The website Out tonight? Party Right directs students concerned about child neglect as a result of alcohol use to Action for Children, a UK charity which ‘supports and speaks out for the UK’s most vulnerable and neglected children and young people.’
The UK charity directs its readers to contact the relevant UK authorities.
The page in question states, “If you think it is and you have an immediate concern about a child, you should contact the Social Care department provided by the Council in your area who are available 24 hours a day. You can find your council’s contact details online or in the phonebook.”
Foundation for Alcohol Research and Education (FARE) Chief Executive Michael Thorn says the embarrassing and potentially damaging Government gaffe comes on the heels of the Government’s decision to abolish the Department of Education’s Expert Drug and Alcohol Policy Development Unit.
“It’s appalling enough that the Government seems determined to abrogate its responsibility for alcohol education to the alcohol industry. Now it seems content to send its child protection responsibilities offshore,” Mr Thorn said.

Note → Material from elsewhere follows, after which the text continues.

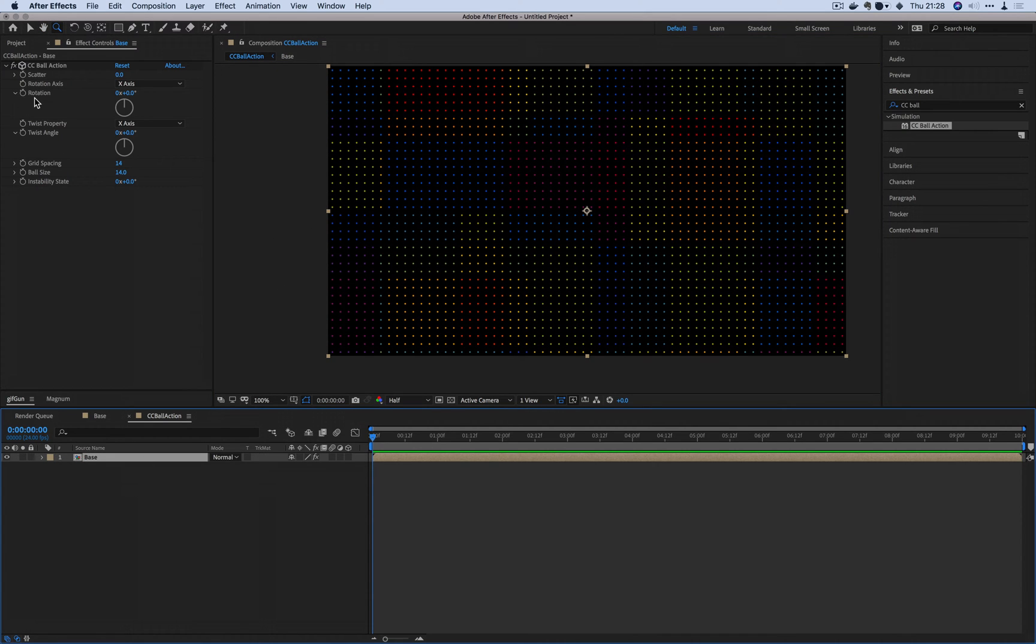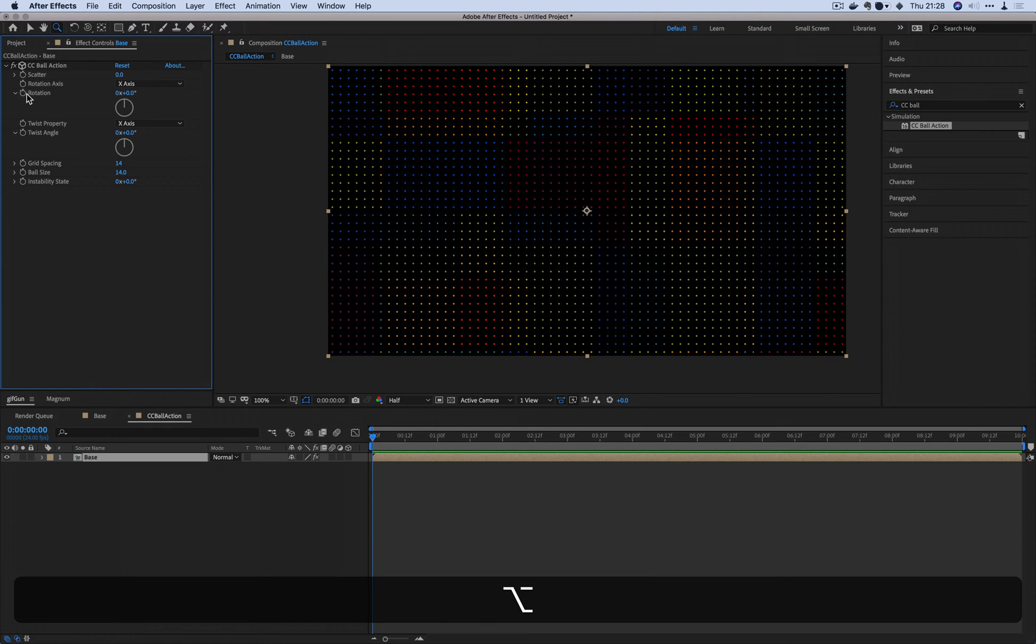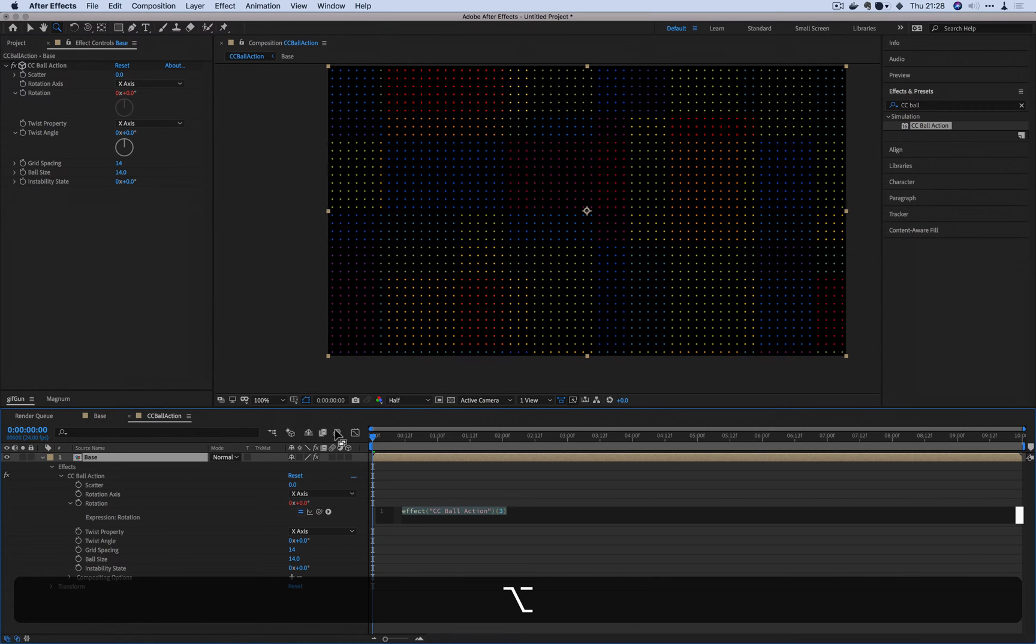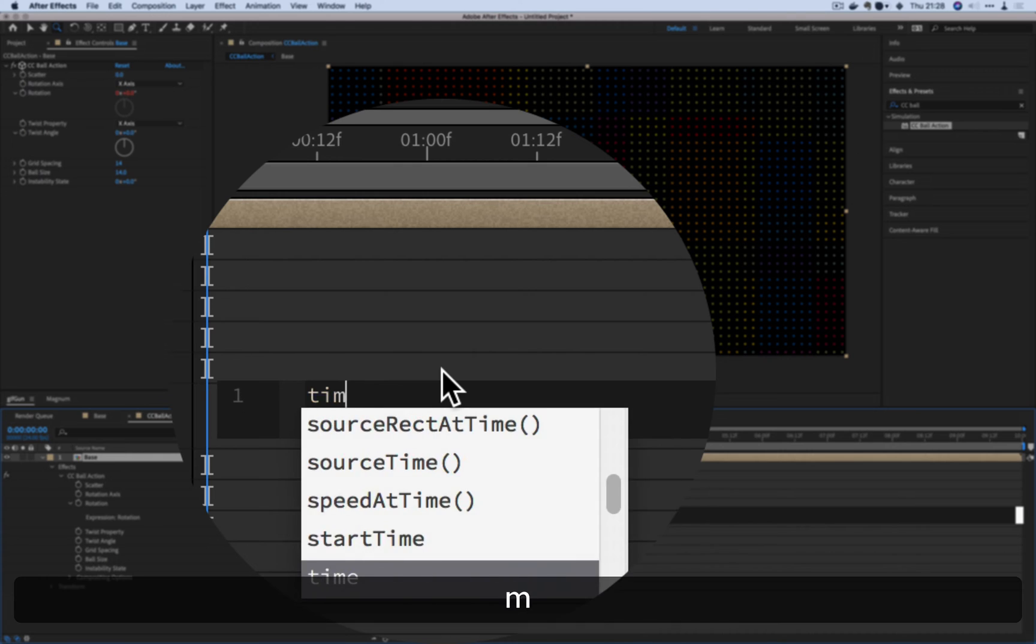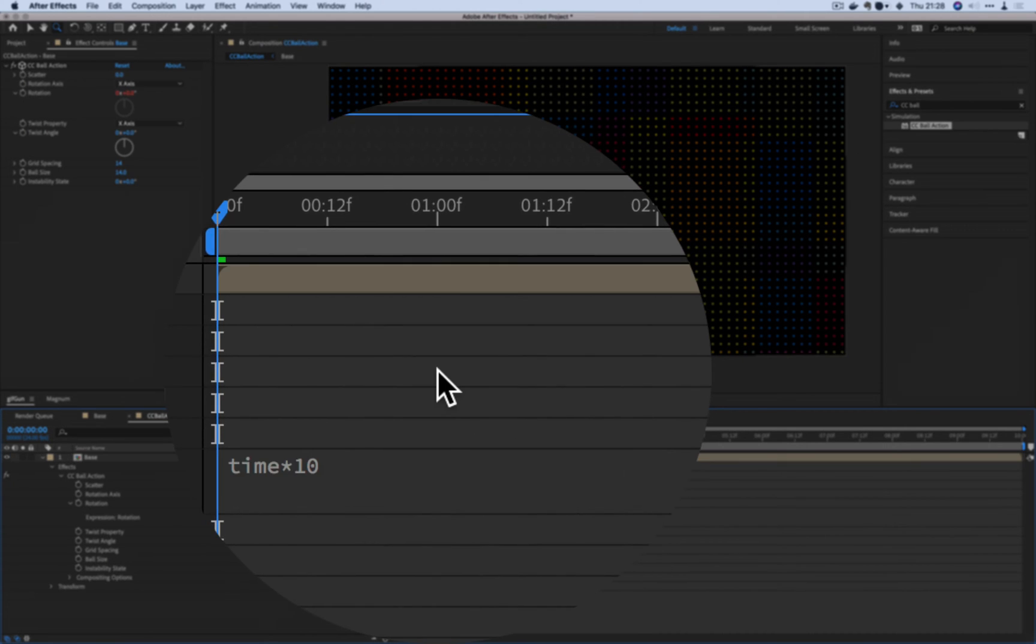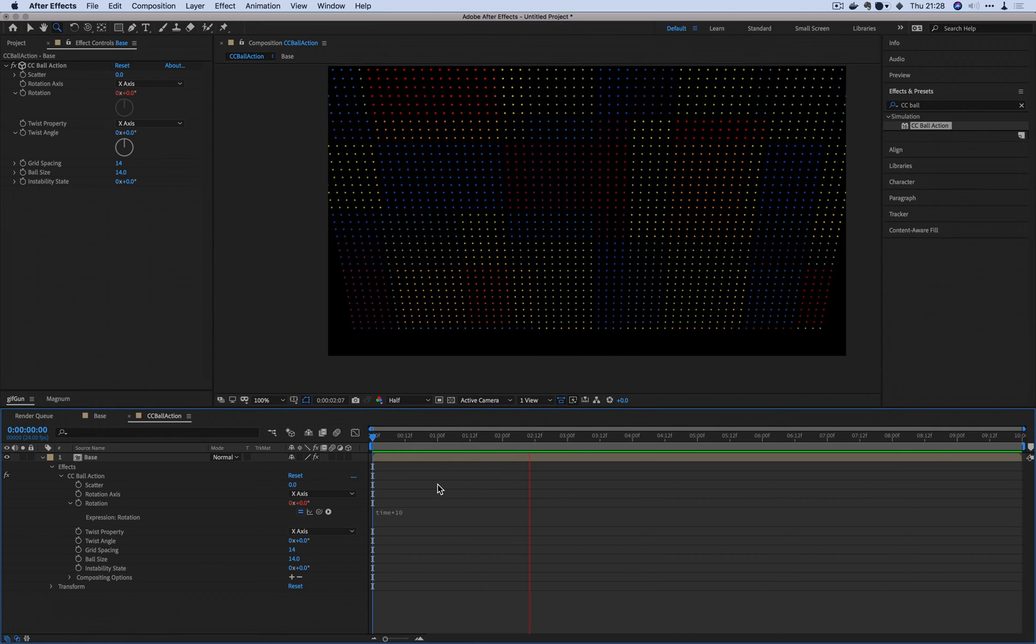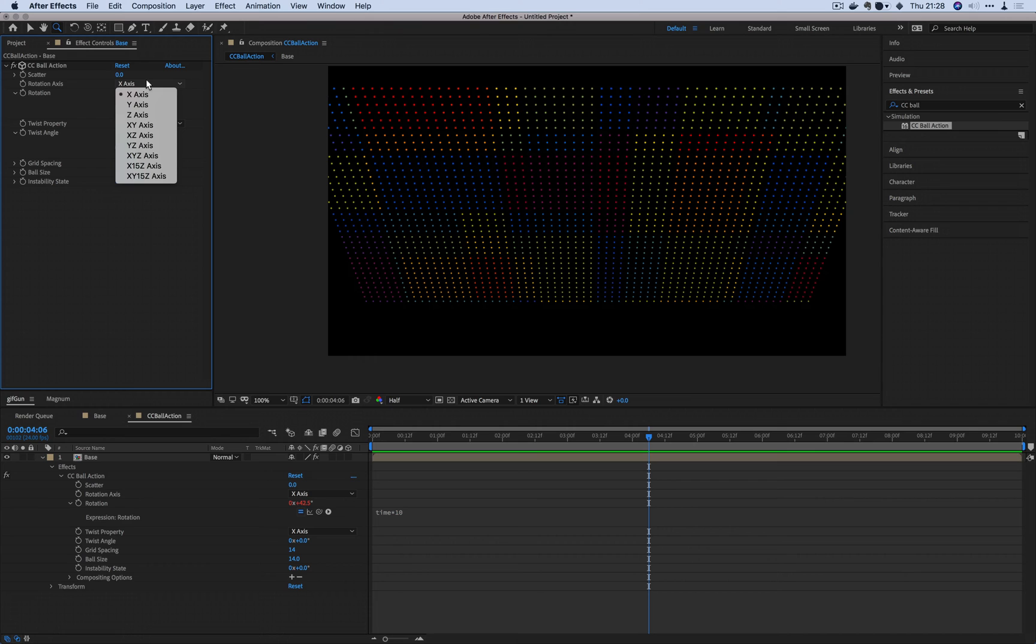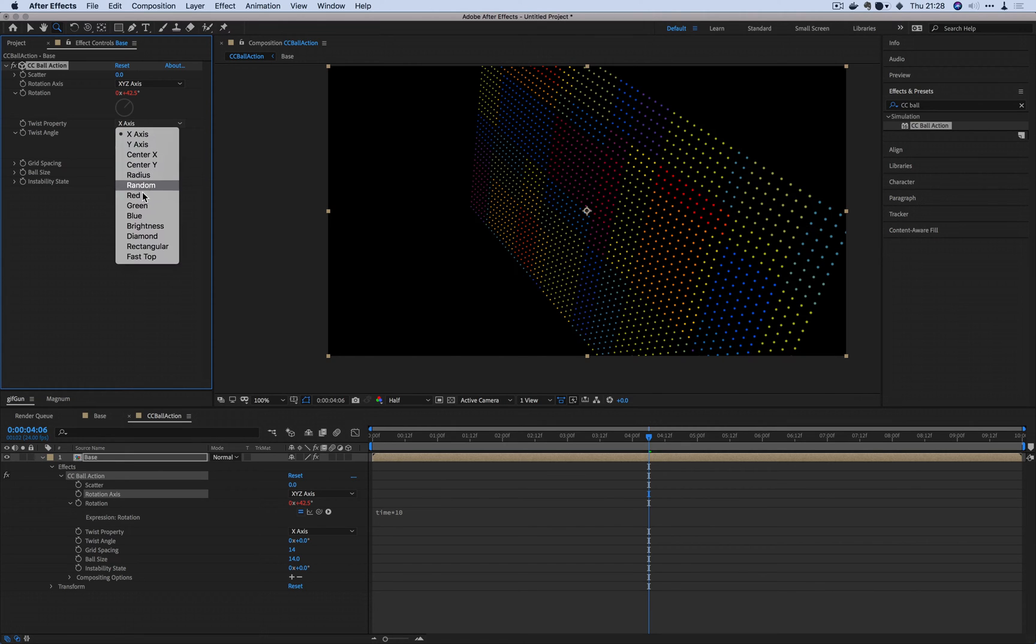So the two parameters that we're going to be animating is the rotation and twist angle. These two, I'm going to apply a very basic expression on them. I'm going to press Alt or Option on Mac and bring out the expression window. And I'm going to input time multiplied by 10 just for the start. So when you do that, now it starts rotating it based on this expression here. And I want to change this to XYZ axis.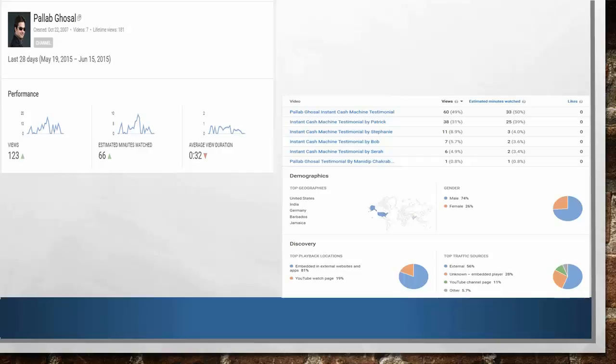Another important thing that you can see in the analytics is the traffic sources. In this example, our videos are mostly viewed via external sources and YouTube advertising. With these features on YouTube, you can see how your videos are really doing.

The on-line resource was developed by a working group which included the Australian Hotels Association, Clubs NSW and the Liquor Stores Association of NSW.
Mr Thorn says it is not acceptable that the very alcohol industry that is contributing to the high levels of alcohol use in our community is charged with formulating ‘safe partying messages’.
“It is not acceptable that the Government sees fit to ignore the advice and input of independent research organisations, and allows this educational resource to be developed by the alcohol industry, an industry with an undeniable and obvious conflict of interest,” Mr Thorn said.